JAKARTA, KOMPAS — Pembangunan Stasiun Sentral Manggarai yang saat ini berlangsung bisa terhambat. Warga yang menghuni rumah semipermanen di tanah milik PT KAI belum menerima tawaran meninggalkan kawasan itu. Mereka menuntut ganti rugi bangunan dan lahan yang sudah ditempati bertahun-tahun.
”Ada 37 bangunan yang belum sesuai dengan harga yang ditawarkan. Kami akan membayar sesuai luas bangunan, tetapi mereka ingin ada ganti rugi tanahnya juga,” kata Kepala Balai Teknik Perkeretaapian Wilayah Jakarta dan Banten Jumardi, Selasa (5/3/2019), di Stasiun Manggarai, Jakarta Selatan, saat meninjau pembangunan.
Ia mengatakan, tanah yang dihuni warga itu milik PT Kereta Api Indonesia (KAI). Pemerintah melalui Direktorat Jenderal Perkeretaapian menawarkan pemberian uang ganti bangunan yang dihuni Rp 3 juta per meter persegi kepada warga. Namun, warga menginginkan ada ganti rugi terhadap tanah yang sudah mereka tempati selama bertahun-tahun.

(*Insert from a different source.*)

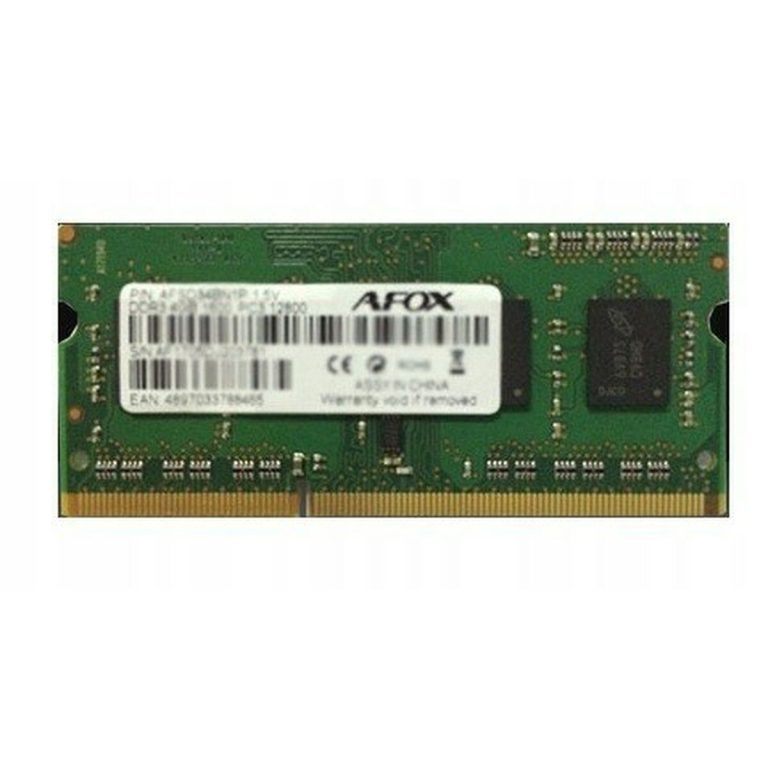 RAM geheugen Afox AFSD34AN1L DDR3 DDR3L 4 GB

Jumardi mengatakan, saat ini, PT KAI dan pihaknya melakukan sosialisai dan mencari solusi terbaik melalui komunikasi dengan warga. Berdasarkan pemantauan Kompas, rumah semipermanen berjajar di sepanjang sisi barat Stasiun Manggarai. Keberadaan bangunan itu membuat pembangunan pintu masuk di sisi barat belum bisa dikerjakan.
Terus berjalan
Meski demikian, pengerjaan bangunan tiga lantai untuk jalur kereta api dan sirkulasi penumpang di area Stasiun Manggarai terus dijalankan. Lantai satu dan lantai dua sudah hampir rampung dikerjakan. Jalur di lantai satu saat ini sudah digunakan untuk dua jalur kereta dari Bogor dan Depok. Sementara itu, dua jalur kereta api bandara sudah bisa digunakan, tetapi hanya untuk perputaran kereta.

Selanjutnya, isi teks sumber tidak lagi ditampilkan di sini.